*PROBLEM REQUIREMENTS*
Would you copy the lines below exactly and omit the images?

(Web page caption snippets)

- Opening Delimiter -

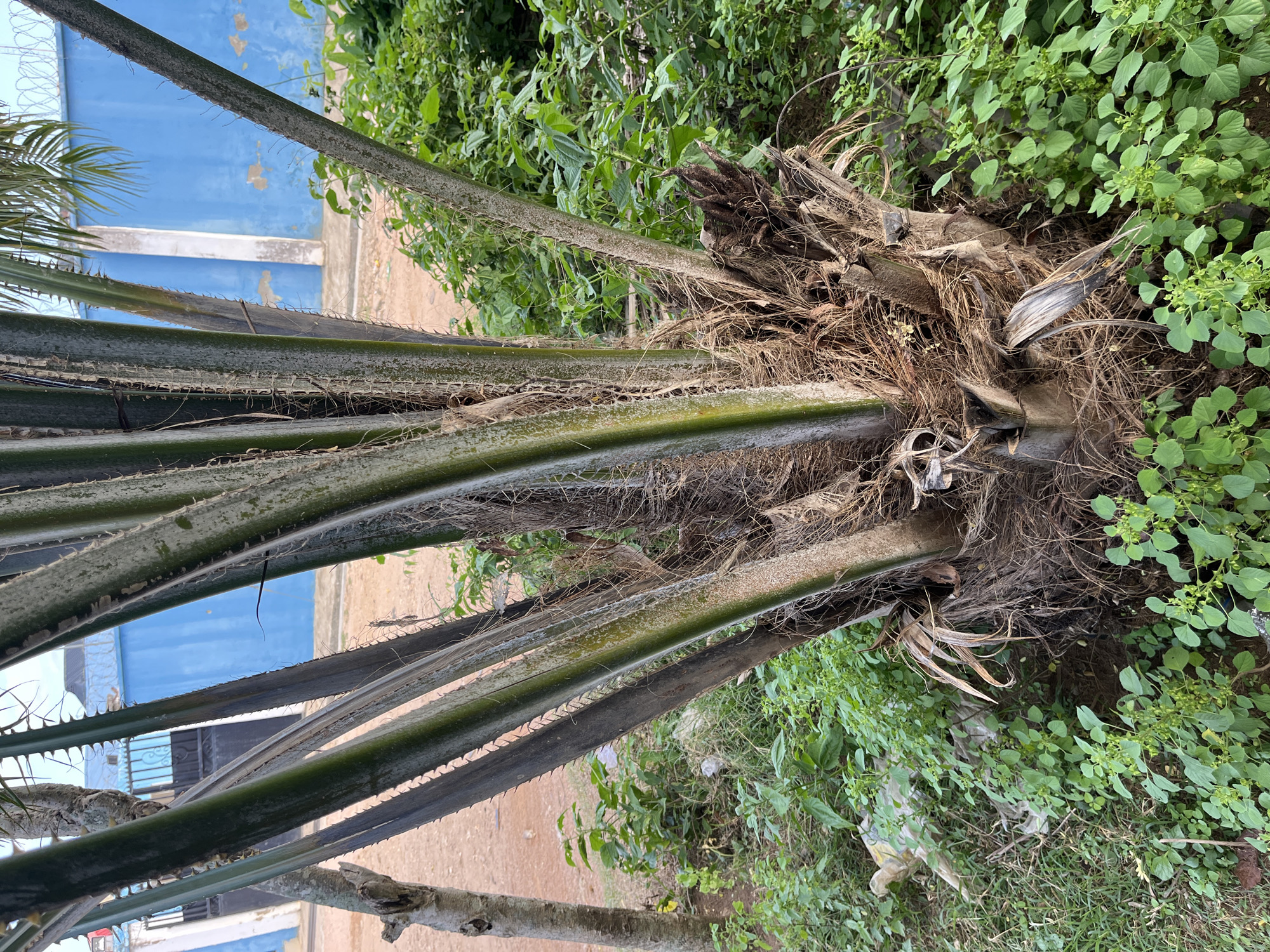 This image, taken in Osogbo, Nigeria, presents a vibrant outdoor scene focused on the base and fronds of a large palm tree, likely an oil palm, viewed from a low angle. The palm tree's robust trunk exhibits a rough, fibrous texture with many dried, brown frond bases and remnants clinging to it. Several thick, green fronds extend diagonally across the frame, characterized by sharp, spiky edges along their stems.
Dense green foliage, including various low-lying plants and weeds, covers the ground to the right and beneath the palm, indicating a lush, possibly overgrown natural environment. The ground itself appears to be a reddish-brown earth or dirt path, partially obscured by the vegetation.
In the background, a distinct bright blue wall or building is visible, featuring a lighter-colored horizontal band or trim. Glimpses through the palm fronds reveal details such as a barred window or gate, and what appears to be barbed wire along the top of the blue wall, suggesting a property boundary or secured area. The bright, even lighting indicates it is daytime. There are no people, visible activities, or discernible text in the image, which captures a blend of natural flora and man-made structures typical of a tropical or subtropical setting.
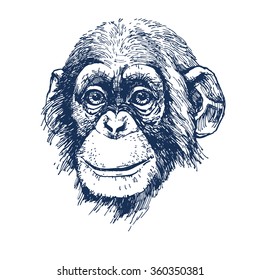 Chimpanzee Hand Drawn Vector Illustration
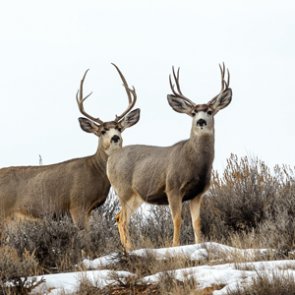 Colorado wants public input on big game management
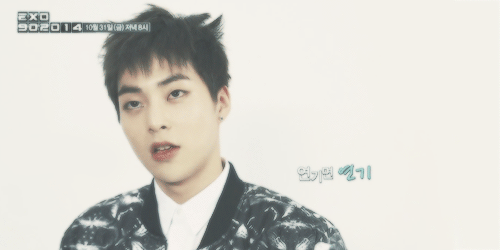 hahroro:  kitty ears (•⊙ω⊙•) 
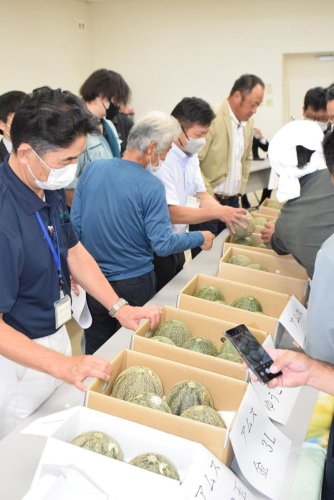 出荷規格で分けて並べられたメロン＝銚子市
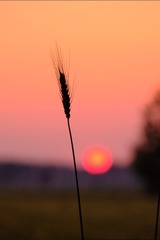 DA767323-2C66-4D56-A271-A180C9B01774/L0/001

- Closing Delimiter -

*RESULT*
 This image, taken in Osogbo, Nigeria, presents a vibrant outdoor scene focused on the base and fronds of a large palm tree, likely an oil palm, viewed from a low angle. The palm tree's robust trunk exhibits a rough, fibrous texture with many dried, brown frond bases and remnants clinging to it. Several thick, green fronds extend diagonally across the frame, characterized by sharp, spiky edges along their stems.
Dense green foliage, including various low-lying plants and weeds, covers the ground to the right and beneath the palm, indicating a lush, possibly overgrown natural environment. The ground itself appears to be a reddish-brown earth or dirt path, partially obscured by the vegetation.
In the background, a distinct bright blue wall or building is visible, featuring a lighter-colored horizontal band or trim. Glimpses through the palm fronds reveal details such as a barred window or gate, and what appears to be barbed wire along the top of the blue wall, suggesting a property boundary or secured area. The bright, even lighting indicates it is daytime. There are no people, visible activities, or discernible text in the image, which captures a blend of natural flora and man-made structures typical of a tropical or subtropical setting.
 Chimpanzee Hand Drawn Vector Illustration
 Colorado wants public input on big game management
 hahroro:  kitty ears (•⊙ω⊙•) 
 出荷規格で分けて並べられたメロン＝銚子市
 DA767323-2C66-4D56-A271-A180C9B01774/L0/001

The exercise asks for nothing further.